# Pruning in fall?



## jandrew156 (Sep 15, 2017)

Hello all,

I have a very small attempt at a vineyard that's in the 3rd year. Last year the deer devastated the whole thing, and this spring frost. However, they all came back very strong only to be devastated again by fungus during this wet summer. Mostly mildew and black rot from what I can tell.

So, should I prune off the bad leaves & shoots now or just let them go until next spring?

Also, I'm in SW Pa... any input on grape growing success in this area?

Thanks in advance!


----------



## Stressbaby (Sep 15, 2017)

Did you spray this year? I think by year 2 you need to be prepared with a spray program.

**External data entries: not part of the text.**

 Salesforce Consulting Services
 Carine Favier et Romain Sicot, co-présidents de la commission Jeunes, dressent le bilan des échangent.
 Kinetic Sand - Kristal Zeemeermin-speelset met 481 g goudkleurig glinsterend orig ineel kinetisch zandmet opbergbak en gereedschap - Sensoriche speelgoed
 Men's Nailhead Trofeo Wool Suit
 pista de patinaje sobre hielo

I just installed my vineyard this spring and I'm actually going to start spraying now, having seen a bit of phomopsis and powdery mildew.


----------



## jandrew156 (Sep 15, 2017)

Well, I did but not early in spring when I should have.
It's so bad now, I just want to know the best chance of eliminating fungus next spring!

Is scrapping and burning all of the leaves now a good idea???

thanks!


----------



## cgallamo (Sep 15, 2017)

I am in the same boat, just a year behind you. I switched my vineyard to primarily Norton, and need to set up a spray program for next year. 

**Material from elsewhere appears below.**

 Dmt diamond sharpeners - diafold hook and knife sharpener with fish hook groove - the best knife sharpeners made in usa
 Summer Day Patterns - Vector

I have always heard it is best to wait until late winter to prune. You should clean up and burn the leaves etc in the fall and perhaps do a winter spray of lime sulphur or something else recommended to give yourself a good start.


----------



## TonyR (Sep 15, 2017)

Andrew, i would let them be, after the leaves fall off i would rack under the vines and get rid of as much as you can. Question, what type of grapes are you growing? Some are much more susceptible to mildew and black rot. I am 60 miles due north of Pittsburgh and will be harvesting my Petite Pearl grapes next week, (well thats the plan) You need to spray, make a schedule and stick to it, even if its raining. Also spray dormancy oil, early spring, a few weeks before bud break, about the time you should trim. Hope this helps.


----------



## Stressbaby (Sep 15, 2017)

I don't know where you all are located. I'm in central Missouri.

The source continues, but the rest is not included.